- _Exercise directions_: Using the records below, copy exactly the part that opens with the line holding "There we go, across" and closes with the line holding "The 720S was", minus the pictures.

- _Available data_:
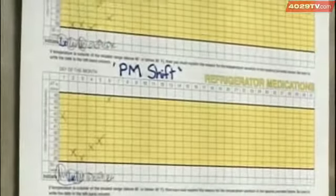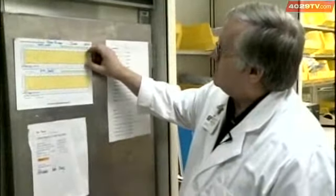We monitor the temperature twice a day, and we have a perpetual temperature readout up here. The approved temperature range is 36 to 46 degrees Fahrenheit, so our yellow ranges mean that it's in range.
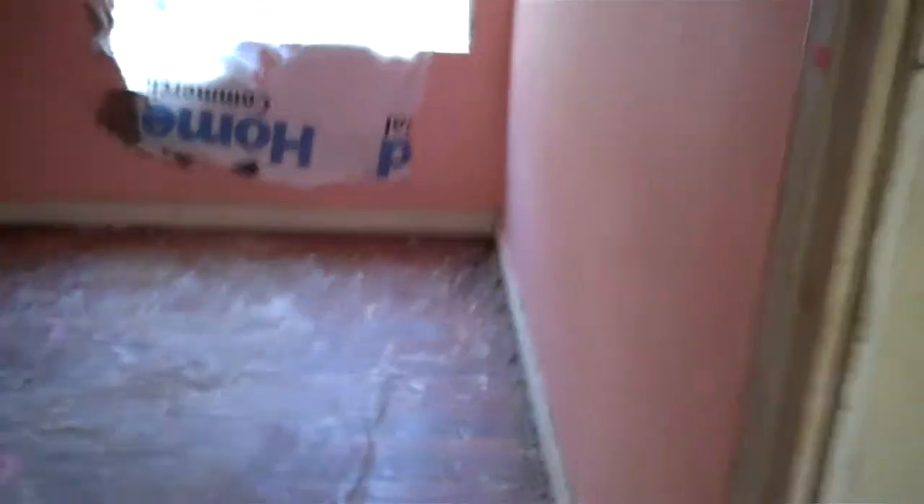There we go, across the hall. This is where you're going to see the side yard. It just needs a new window and some drywall work for the window frame around it.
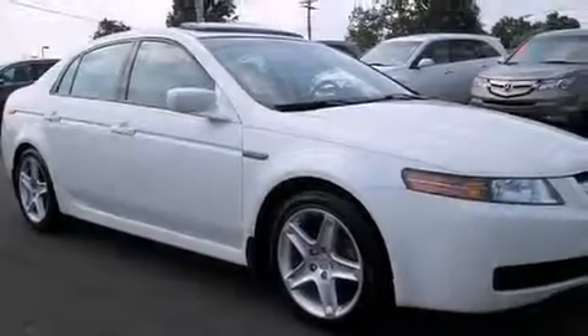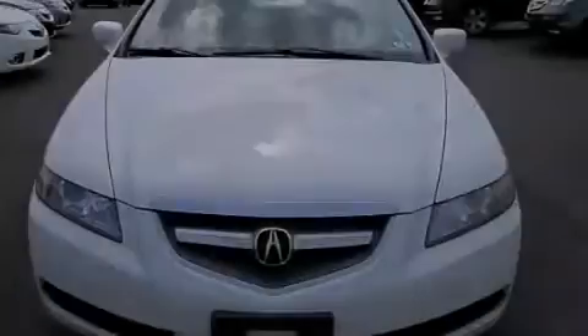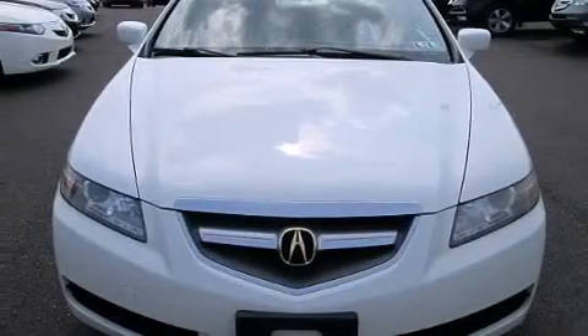Leather seats, 12-volt power outlets, rear curtain airbags, child seat safety anchors, front seat belt height adjusters, and a pass-through rear seat are also included.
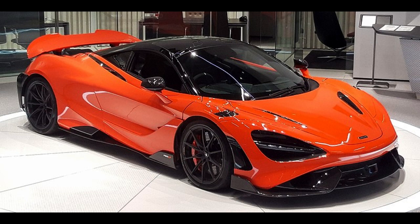The 720S was produced from 2017 to 2023. The vehicle was unveiled at the 2017 Geneva International Motor Show and went on sale on March 7, 2017, with deliveries to customers starting in May 2017.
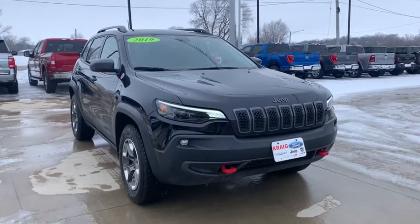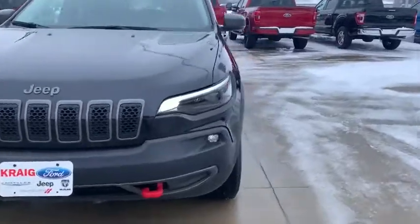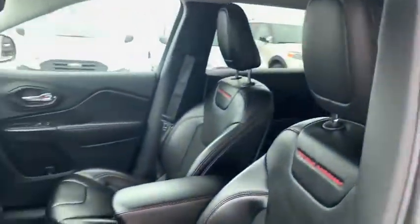Take a ride in the 2019 Jeep Cherokee. The Jeep Cherokee offers superior off-road capability, making it a fine choice for families who venture off-road or vacation in the mountains or other remote areas.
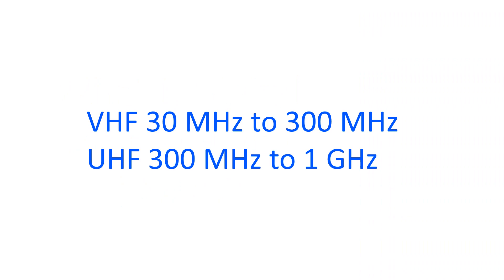DMR can operate both in the Very High Frequency, or VHF, range — which is between 30 MHz to 300 MHz — and the Ultra High Frequency, or UHF, range, between 300 MHz to 1 GHz.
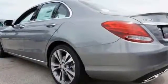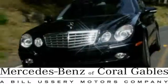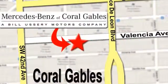Come in and take a closer look as soon as you can. At Mercedes-Benz of Coral Gables, our goal is to help you discover the true joy of driving. We're conveniently located just west of I-95 at 300 Almeria Avenue.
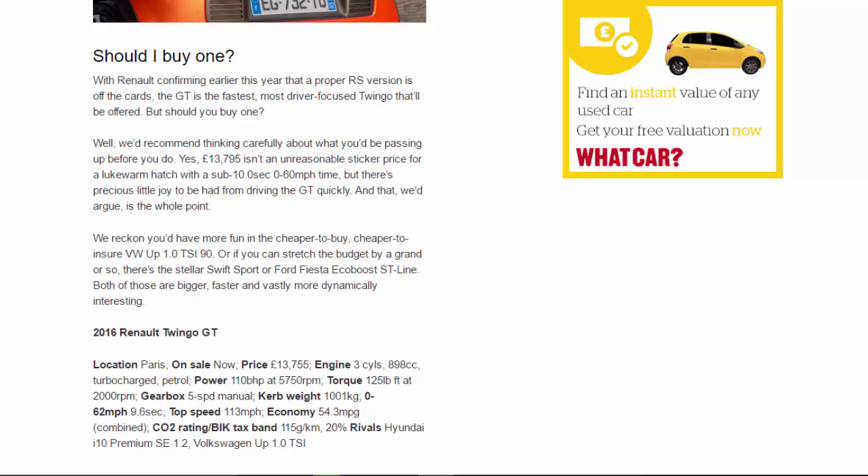2016 Renault Twingo GT. Location: Paris. On sale now. Price: £13,755. Engine: three-cylinder, 898cc turbocharged petrol. Power: 110bhp at 5,750rpm. Torque: 125lb-ft at 2,000rpm. Gearbox: five-speed manual. Kerb weight: 1,001kg. 0–62mph: 9.6 seconds. Top speed: 113mph. Economy: 54.3mpg combined. CO2: 115g/km, Band 20. Rivals: Hyundai i10 Premium SE 1.2, Volkswagen Up 1.0 TSI.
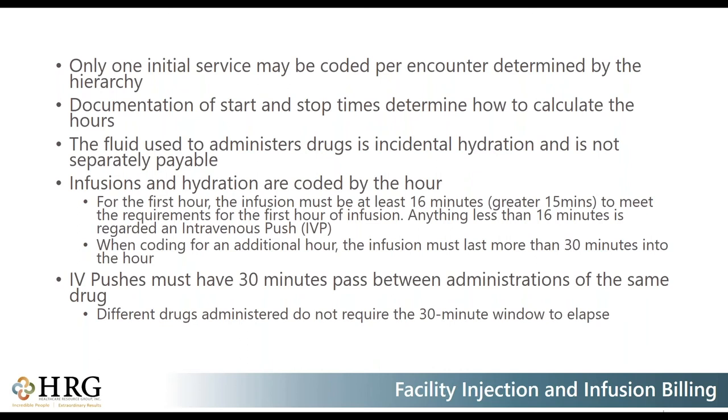Infusions and hydrations are coded by the hour. For infusions, the first 16 minutes — anything greater than 15 minutes — are required to bill for that first hour. If it was less than that, you would code it as an IV push. For each additional hour, after the whole first hour has passed, you need more than 30 minutes — 31 or more — to bill for that additional hour. IV pushes require 30 minutes to have passed between administrations when the same drug is given twice. If a separate drug is given, that time frame does not apply and you can bill for the additional IV push.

- _Exercise result_:
There we go, across the hall. This is where you're going to see the side yard. It just needs a new window and some drywall work for the window frame around it.
Leather seats, 12-volt power outlets, rear curtain airbags, child seat safety anchors, front seat belt height adjusters, and a pass-through rear seat are also included.
The 720S was produced from 2017 to 2023. The vehicle was unveiled at the 2017 Geneva International Motor Show and went on sale on March 7, 2017, with deliveries to customers starting in May 2017.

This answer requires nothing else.